Vasoo Paranjape

Personal information
- Full name: Vasudeo Jagannath Paranjape
- Born: 21 November 1938 Mahesana, Gujarat, British Raj
- Died: 30 August 2021 (aged 82) Mumbai, Maharashtra
- Batting: Right-handed
- Relations: Jatin Paranjpe (son)

Domestic team information
- Mumbai
- Baroda

Career statistics
| Competition | FC |
| Matches | 29 |
| Runs scored | 785 |
| Batting average | 23.78 |
| 100s/50s | 2/2 |
| Top score | 127 |
| Balls bowled | 486 |
| Wickets | 9 |
| Bowling average | 36.00 |
| 5 wickets in innings | 0 |
| 10 wickets in match | 0 |
| Best bowling | 4/49 |
| Catches/stumpings | 13/0 |

= Vasoo Paranjape =

Indian cricketer (1938–2021)

Vasudeo Jagannath Paranjape (21 November 1938 - 30 August 2021) was an Indian cricketer and cricket coach.
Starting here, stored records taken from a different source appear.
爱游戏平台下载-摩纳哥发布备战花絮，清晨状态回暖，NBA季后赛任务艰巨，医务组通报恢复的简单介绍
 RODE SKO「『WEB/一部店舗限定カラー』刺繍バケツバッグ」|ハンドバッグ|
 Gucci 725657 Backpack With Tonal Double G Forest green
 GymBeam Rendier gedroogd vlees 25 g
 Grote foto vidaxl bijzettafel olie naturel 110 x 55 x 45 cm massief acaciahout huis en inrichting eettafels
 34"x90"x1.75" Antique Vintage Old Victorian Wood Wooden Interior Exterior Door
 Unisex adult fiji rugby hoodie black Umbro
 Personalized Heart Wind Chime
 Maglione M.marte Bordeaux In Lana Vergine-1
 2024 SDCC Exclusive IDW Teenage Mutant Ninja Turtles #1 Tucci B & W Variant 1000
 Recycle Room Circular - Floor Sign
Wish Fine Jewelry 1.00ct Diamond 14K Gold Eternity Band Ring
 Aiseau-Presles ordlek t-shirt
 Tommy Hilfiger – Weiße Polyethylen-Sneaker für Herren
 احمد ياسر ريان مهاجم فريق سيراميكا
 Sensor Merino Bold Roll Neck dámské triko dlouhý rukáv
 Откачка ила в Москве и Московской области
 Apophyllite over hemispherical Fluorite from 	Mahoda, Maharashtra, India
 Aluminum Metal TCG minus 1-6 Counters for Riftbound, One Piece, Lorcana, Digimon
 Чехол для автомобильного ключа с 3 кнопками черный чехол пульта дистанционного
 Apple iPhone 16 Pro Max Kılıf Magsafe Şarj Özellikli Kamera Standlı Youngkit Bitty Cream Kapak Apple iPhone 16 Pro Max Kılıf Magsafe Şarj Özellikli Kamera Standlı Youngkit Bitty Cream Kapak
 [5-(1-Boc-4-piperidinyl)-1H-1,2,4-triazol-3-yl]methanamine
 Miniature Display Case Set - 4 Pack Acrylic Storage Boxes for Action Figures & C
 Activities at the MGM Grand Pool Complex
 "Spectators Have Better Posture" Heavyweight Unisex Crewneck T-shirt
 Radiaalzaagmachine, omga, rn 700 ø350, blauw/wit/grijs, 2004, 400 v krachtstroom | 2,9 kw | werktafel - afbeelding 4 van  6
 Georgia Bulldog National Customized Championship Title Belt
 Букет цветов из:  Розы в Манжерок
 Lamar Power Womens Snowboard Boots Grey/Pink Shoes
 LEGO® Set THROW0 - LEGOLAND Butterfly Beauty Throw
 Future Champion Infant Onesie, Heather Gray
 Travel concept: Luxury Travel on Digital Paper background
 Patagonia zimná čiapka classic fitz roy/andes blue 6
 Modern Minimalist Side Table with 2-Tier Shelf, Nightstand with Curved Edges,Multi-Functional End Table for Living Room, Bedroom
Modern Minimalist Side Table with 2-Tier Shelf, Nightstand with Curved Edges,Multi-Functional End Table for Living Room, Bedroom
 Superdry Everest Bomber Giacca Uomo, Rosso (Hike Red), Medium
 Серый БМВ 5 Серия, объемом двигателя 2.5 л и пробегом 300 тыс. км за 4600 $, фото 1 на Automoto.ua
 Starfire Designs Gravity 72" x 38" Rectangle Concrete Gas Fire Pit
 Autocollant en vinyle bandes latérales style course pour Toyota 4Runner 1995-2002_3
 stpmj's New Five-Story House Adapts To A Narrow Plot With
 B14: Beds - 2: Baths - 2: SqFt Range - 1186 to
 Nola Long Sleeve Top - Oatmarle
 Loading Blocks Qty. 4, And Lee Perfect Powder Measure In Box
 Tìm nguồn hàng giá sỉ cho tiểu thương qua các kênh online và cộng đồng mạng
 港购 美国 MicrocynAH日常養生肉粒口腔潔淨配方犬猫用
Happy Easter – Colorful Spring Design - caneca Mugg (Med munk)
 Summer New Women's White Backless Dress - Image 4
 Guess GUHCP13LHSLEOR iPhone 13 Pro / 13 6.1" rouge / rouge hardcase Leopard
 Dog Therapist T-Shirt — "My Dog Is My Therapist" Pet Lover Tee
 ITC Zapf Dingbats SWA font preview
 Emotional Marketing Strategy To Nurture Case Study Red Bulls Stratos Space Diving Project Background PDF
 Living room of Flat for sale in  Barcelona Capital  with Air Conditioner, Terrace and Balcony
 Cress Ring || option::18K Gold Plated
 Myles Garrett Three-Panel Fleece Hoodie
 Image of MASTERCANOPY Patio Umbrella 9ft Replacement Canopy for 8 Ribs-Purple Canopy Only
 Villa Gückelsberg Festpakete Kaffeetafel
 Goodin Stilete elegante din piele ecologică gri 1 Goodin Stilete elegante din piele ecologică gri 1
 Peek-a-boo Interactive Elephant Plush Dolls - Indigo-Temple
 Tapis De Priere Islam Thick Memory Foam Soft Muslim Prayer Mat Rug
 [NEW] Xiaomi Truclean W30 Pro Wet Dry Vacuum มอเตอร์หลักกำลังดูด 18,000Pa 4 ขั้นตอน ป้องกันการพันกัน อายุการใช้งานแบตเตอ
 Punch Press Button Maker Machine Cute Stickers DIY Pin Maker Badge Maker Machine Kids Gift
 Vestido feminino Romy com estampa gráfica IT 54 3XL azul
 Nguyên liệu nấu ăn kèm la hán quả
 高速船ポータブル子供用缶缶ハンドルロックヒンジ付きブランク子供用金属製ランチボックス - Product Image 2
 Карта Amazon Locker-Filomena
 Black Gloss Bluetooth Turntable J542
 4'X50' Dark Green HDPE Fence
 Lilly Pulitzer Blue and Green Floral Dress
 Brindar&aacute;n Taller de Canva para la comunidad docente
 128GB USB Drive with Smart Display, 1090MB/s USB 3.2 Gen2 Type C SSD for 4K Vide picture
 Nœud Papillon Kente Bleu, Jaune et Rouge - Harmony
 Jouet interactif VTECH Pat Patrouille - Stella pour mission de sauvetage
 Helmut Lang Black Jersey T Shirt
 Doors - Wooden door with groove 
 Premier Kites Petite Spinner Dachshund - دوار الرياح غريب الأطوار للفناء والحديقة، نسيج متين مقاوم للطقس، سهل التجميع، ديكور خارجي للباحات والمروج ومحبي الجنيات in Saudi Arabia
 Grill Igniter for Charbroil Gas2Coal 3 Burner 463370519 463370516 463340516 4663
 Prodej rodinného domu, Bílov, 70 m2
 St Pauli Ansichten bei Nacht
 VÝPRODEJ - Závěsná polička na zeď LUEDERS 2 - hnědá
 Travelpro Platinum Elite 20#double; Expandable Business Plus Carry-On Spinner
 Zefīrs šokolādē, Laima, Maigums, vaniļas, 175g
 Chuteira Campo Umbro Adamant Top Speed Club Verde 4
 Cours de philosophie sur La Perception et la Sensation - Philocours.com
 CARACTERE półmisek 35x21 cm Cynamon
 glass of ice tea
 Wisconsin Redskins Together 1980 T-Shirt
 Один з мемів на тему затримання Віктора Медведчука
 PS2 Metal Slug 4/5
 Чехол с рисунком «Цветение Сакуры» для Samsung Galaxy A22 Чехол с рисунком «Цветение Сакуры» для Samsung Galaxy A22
His son Jatin Paranjpe was also a cricketer who later became national selector.

== Career ==
Paranjape played 29 first-class matches between 1956 and 1970 for Mumbai and Baroda. He was part of the Mumbai side which won the Ranji Trophy on 12 occasions. He ended his first-class career with 785 runs with a best score of 127 against Baroda which came during the 1964 Ranji Trophy.

After his retirement from cricket, he became a mentor and administrator. He was well known for his role as a mentor to several high-profile Indian cricketers such as Sunil Gavaskar, Dilip Vengsarkar, Sachin Tendulkar, Sanjay Manjrekar, Sourav Ganguly, Rahul Dravid, Yuvraj Singh and Rohit Sharma. His mentorship and leadership skills had significantly influenced these players to have a prolific cricketing career.

He also served as a coach at National Cricket Academy and was one of the first choice coaches when the National Cricket Academy was inaugurated in 2000. He also coached Dadar Union, India U-19 national team, Maharashtra and Bombay teams. He was appointed as director of coaching by the Board of Control for Cricket in India in 1980s and served as head coach of Indian junior cricketers in camps. He served as the head coach of Indian U-19 team at the 1988 Youth Cricket World Cup which was also the inaugural edition of the Under-19 Cricket World Cup.

== Death ==
Paranjape died on 30 August 2021 in his residence in Mumbai at the age of 82 due to age related illness.

== Legacy ==
His son Jatin co-authored a book along with cricket journalist Anand Vasu titled Cricket Drona: For the Love of Vasoo Paranjape which was based on the life story of Vasudeo Paranjape. The book Cricket Drona which also includes essays from cricketers Sachin Tendulkar, Rahul Dravid and Sunil Gavaskar was officially released on 2 September 2020 and was published by Penguin.

On 2 September 2021, Indian players wore black armbands as a tribute to him during the first day of the fourth test match of the series between India and England.